Das Innenministerium möchte nun die Codes für die Polizisten nicht im Polizeigesetz, sondern im Sächsischen Beamtengesetz verankern. Dessen Überarbeitung ist sowieso aktuell geplant. „Eine Regelung zur Verpflichtung im Polizeigesetz ist nicht zwingend“, heißt es aus dem Innenministerium. Welches Modell der Kennzeichnung angestrebt wird, muss noch geklärt werden. Im Koalitionsvertrag ist von einer „Wechselkennzeichnung“ die Rede, bei der bei einem neuen Einsatz neue Codes für die einzelnen Polizisten vergeben werden.

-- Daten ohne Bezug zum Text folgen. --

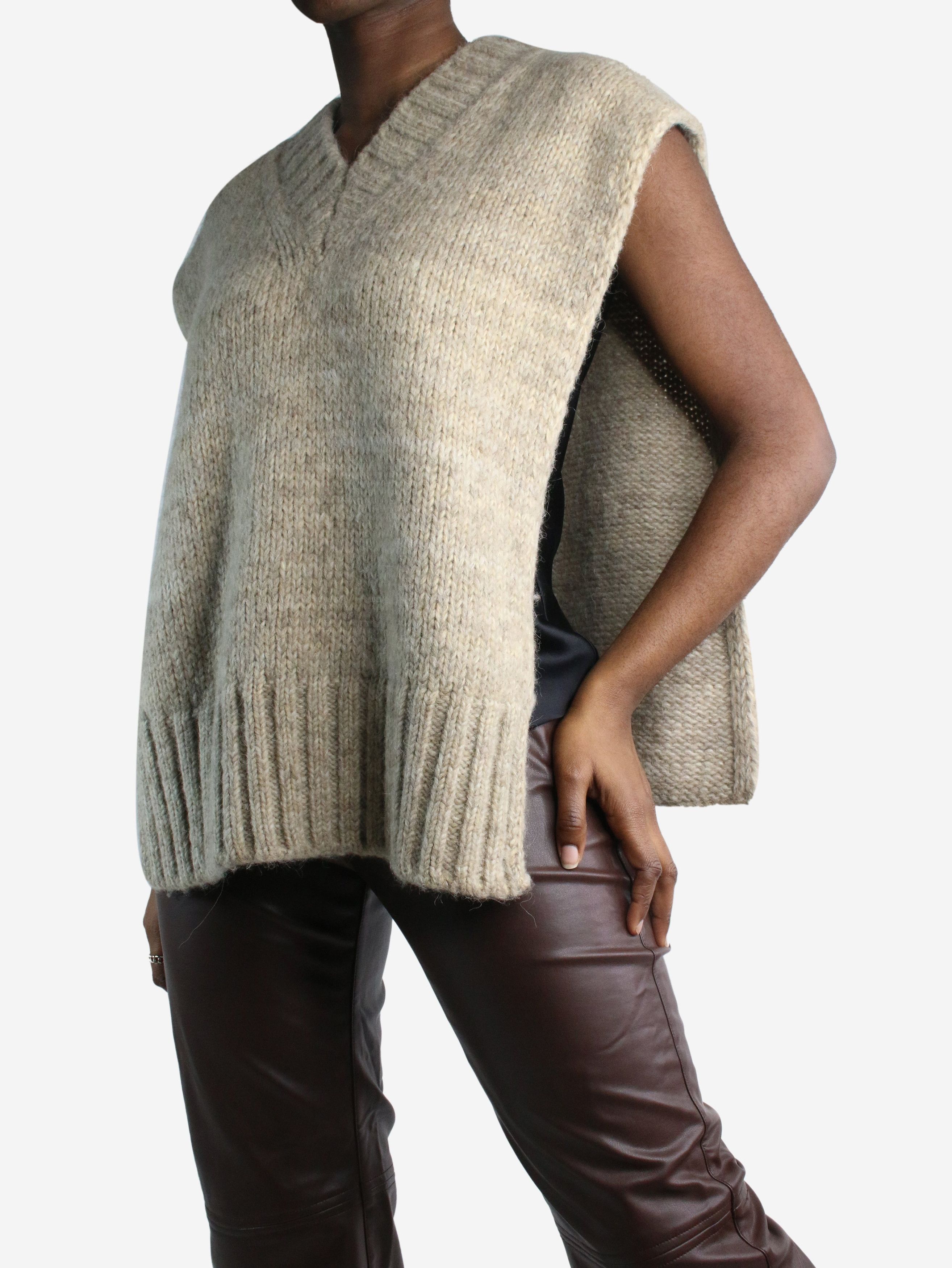 Neutral sleeveless v-neck jumper - size M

Es gibt aber auch Systeme, bei denen jeder Polizist einen begrenzten Satz an verschiedenen Codes erhält, aus denen er wählt.

Die Codes sollen zum einen den Polizisten eine gewisse Anonymität zusichern, zum anderen Verfahren gegen Polizisten nach Großeinsätzen erleichtern. Im Falle von Anzeigen und Ermittlungen gegen Einsatzkräfte könnte die Staatsanwaltschaft aufgrund der Nummer die Herausgabe der Identität in die Wege leiten. Gerade bei Demonstrationen gibt es häufig Vorwürfe gegen Beamte: Bundesweites Aufsehen hatte ein Leipziger Fall erregt, bei dem ein Polizist einen jungen Gegendemonstranten gewaltsam zu Boden streckte.

Regelung für Einsatz von Bodycams erwartet

Auch wenn sich bei der Kennzeichnungspflicht eine Lösung abzeichnet, wartet die Koalition weiterhin mit Spannung auf das Urteil aus Leipzig. Neben kleineren rechtlichen Klarstellungen sollen noch vor der nächsten Landtagswahl verbindliche Regelungen im Polizeigesetz für den Einsatz von Bodycams geschaffen werden: Polizisten sollen die kleinen Kameras immer einschalten müssen, wenn sie Zwangsmaßnahmen vollziehen. Ende Januar wollen nach LVZ-Informationen die Innenpolitiker der Koalition mit dem Innenministerium das weitere Verfahren beraten.